I need to prove that for a random variable $X$ with $$ X \geqslant 0 $$ it's true that $$ \sum_{n=1}^{\infty} P(X \geqslant n) \leqslant E[X] \leqslant 1 + \sum_{n=1}^{\infty} P(X \geqslant n) $$
I proved that
$$
E[X] = \int_{0}^{\infty} P(X \geqslant t) dt
$$
so I have the first part of the inequality proved by comparing the integral with the sum. I'm not sure how to go about proving the other part, i.e.
$$
E[X] \leqslant 1 + \sum_{n=1}^{\infty} P(X \geqslant n)
$$
I was trying to move some things around and reason why $\int_{0}^{\infty} P(X \geqslant t) dt - \sum_{n=1}^{\infty} P(X \geqslant n) \leqslant 1$ but I didn't get far.
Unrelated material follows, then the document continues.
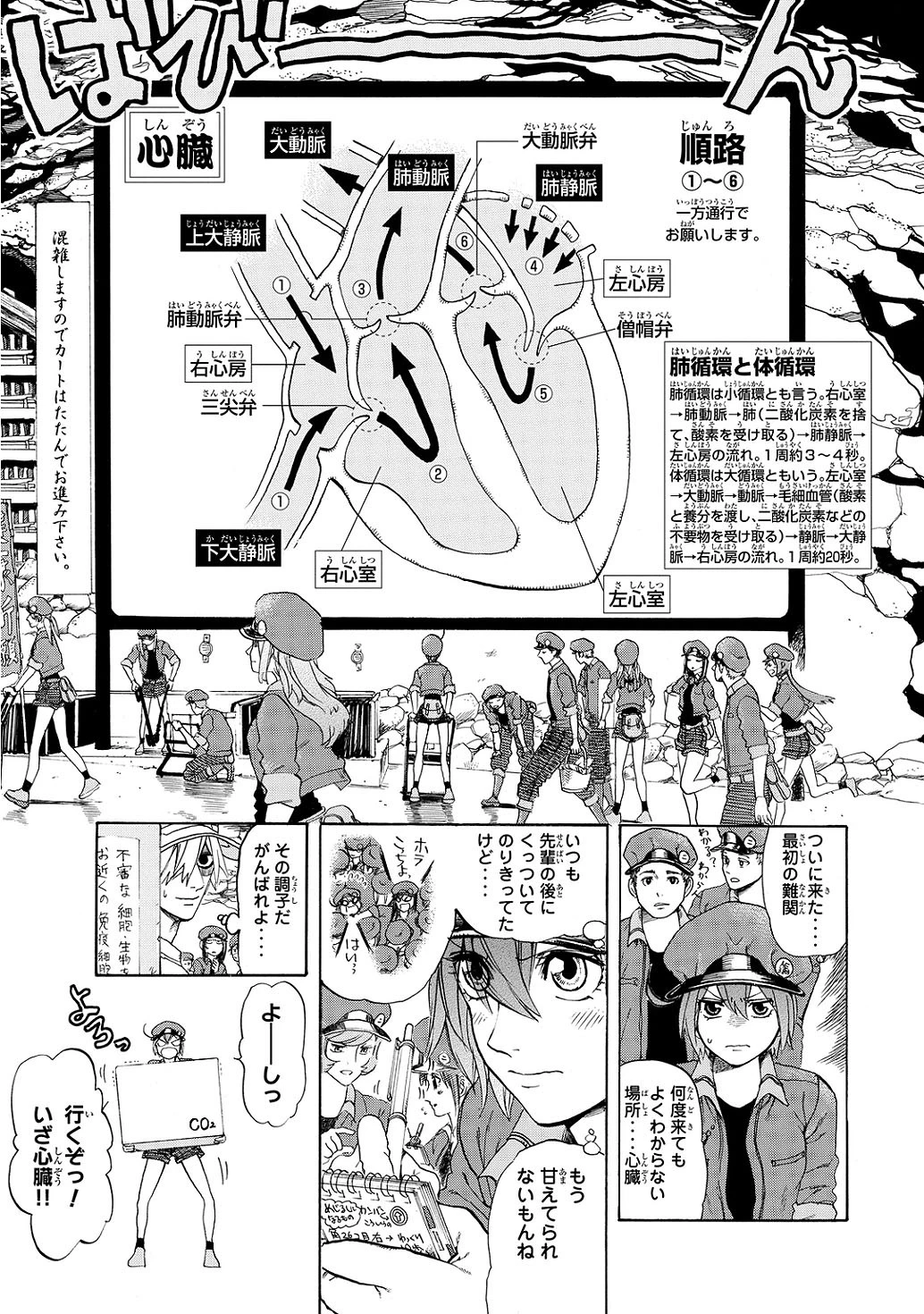 はたらく細胞 第10話 - 11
I was thinking of (somehow) using the fact that the integral of the pdf of $X$ is bounded by 1 but no luck. Any suggestions for how to get started on this?
Split the integral up and estimate the probability $P(X\ge t)$ for $t\in[n,n+1]$ from above by $P(X\ge n)$.
\begin{align*} EX &= \int_0^1P(X\ge t)\,dt + \int_1^\infty P(X\ge t)\,dt\\ &\le 1 + \sum_{n=1}^\infty\int_{n}^{n+1}P(X\ge t)\,dt \\ &\le 1 + \sum_{n=1}^\infty\int_n^{n+1}P(X\ge n)\,dt \\ &= 1 + \sum_{n=1}^\infty P(X\ge n) \end{align*}